WHAT THE EXERCISE ASKS:
Only the lines from the one containing "Snapshot of karan72819" through the end of the material should be printed, exactly as they appear. Leave out pictures.

STORED DATA:
################
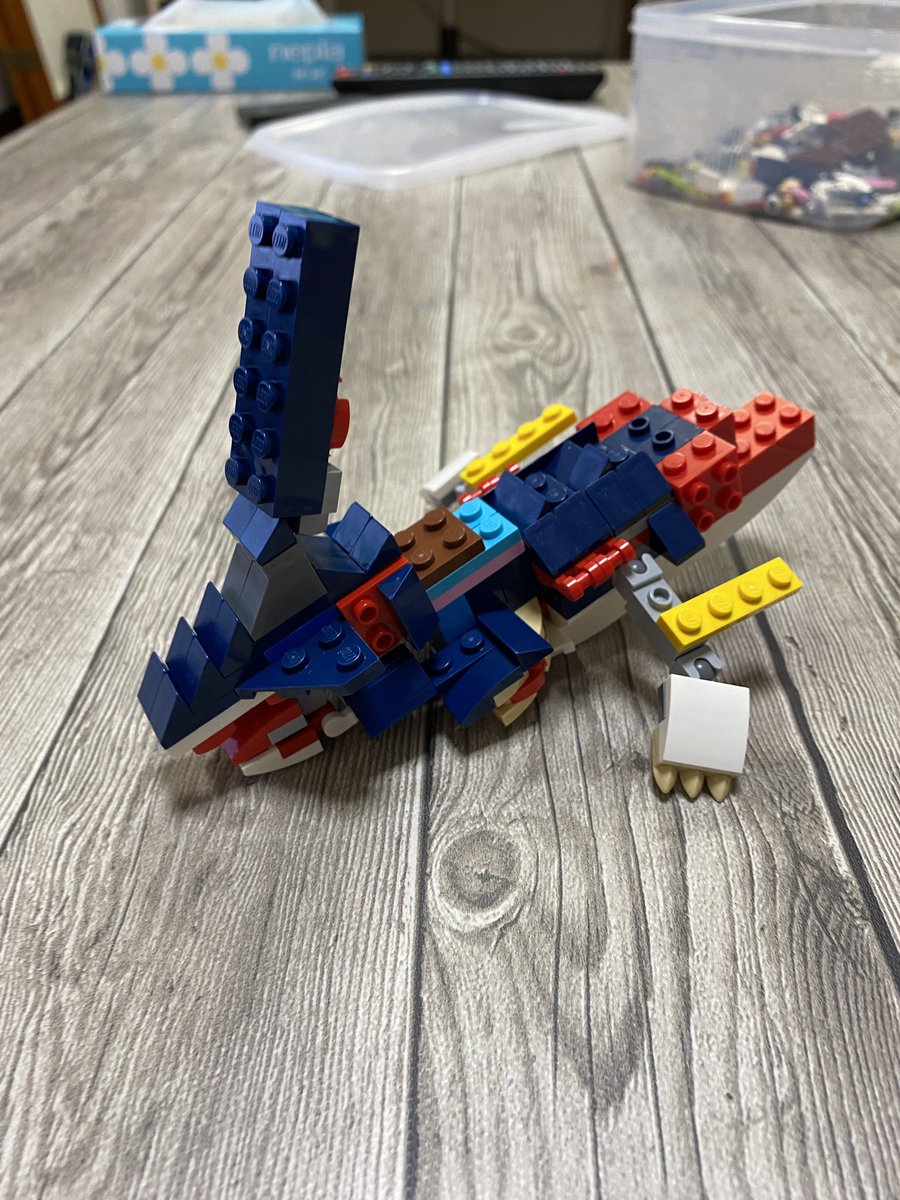 SharkBoyInJapan's tweet photo. Deacon’s upper body made of Lego.
3 in 1 shark is amazing kit!
#Shark
#LEGO
#Deacon https://t.co/DL9ZjoEk1D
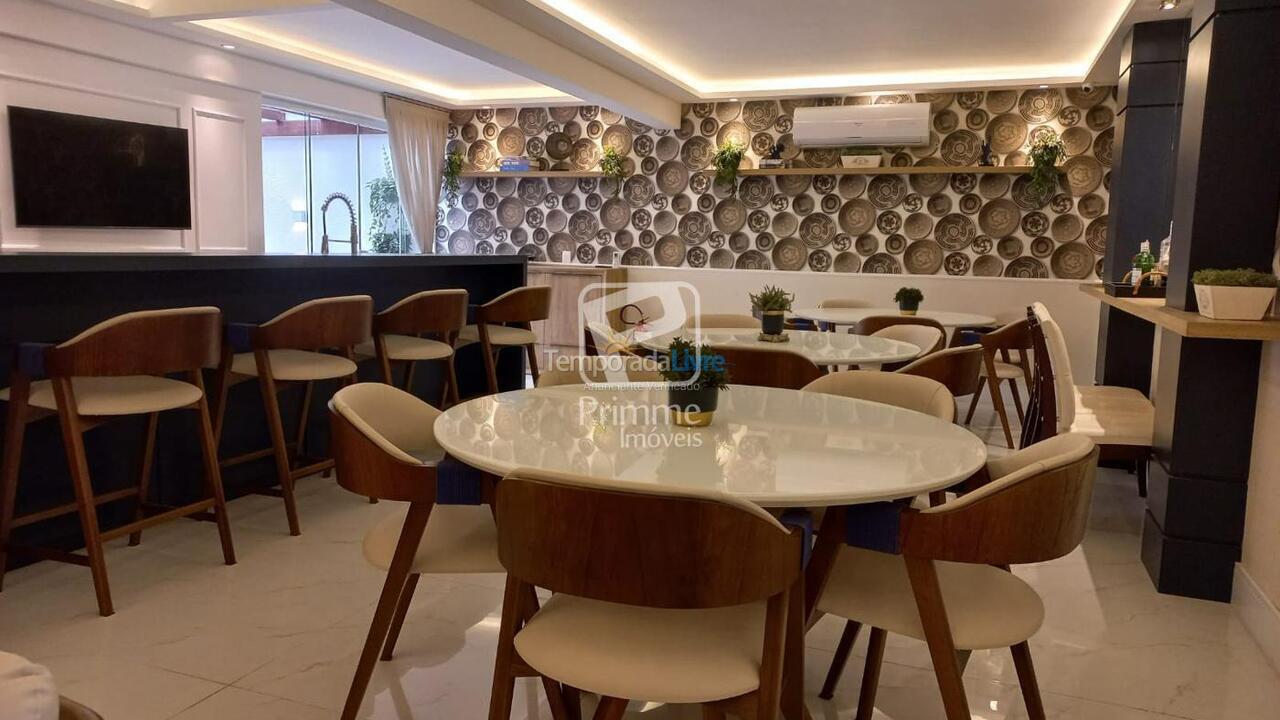 Apartamento para aluguel de temporada em Balneário Camboriú (Centro)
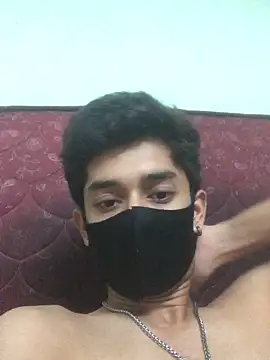 Snapshot of karan72819 chatting on April 1, 2026, 1:23 pm karan72819 online show from April 1, 2026, 1:23 pm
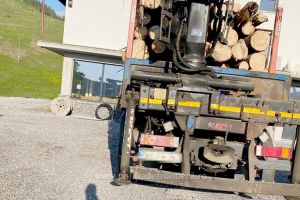 Transporturi ilegale de lemne, descoperite de poliţişti: 68 de curse „fantomă” făcute de un bărbat din judeţul Satu Mare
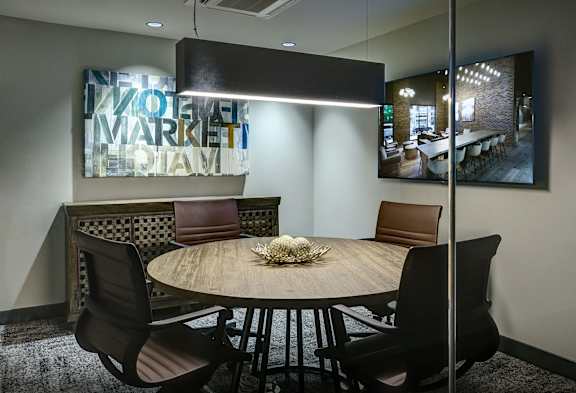 A conference room with a round table and chairs. at The Mason Apartments, Chicago, IL, 60607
################
THE COMPLETED TASK:
 Snapshot of karan72819 chatting on April 1, 2026, 1:23 pm karan72819 online show from April 1, 2026, 1:23 pm
 Transporturi ilegale de lemne, descoperite de poliţişti: 68 de curse „fantomă” făcute de un bărbat din judeţul Satu Mare
 A conference room with a round table and chairs. at The Mason Apartments, Chicago, IL, 60607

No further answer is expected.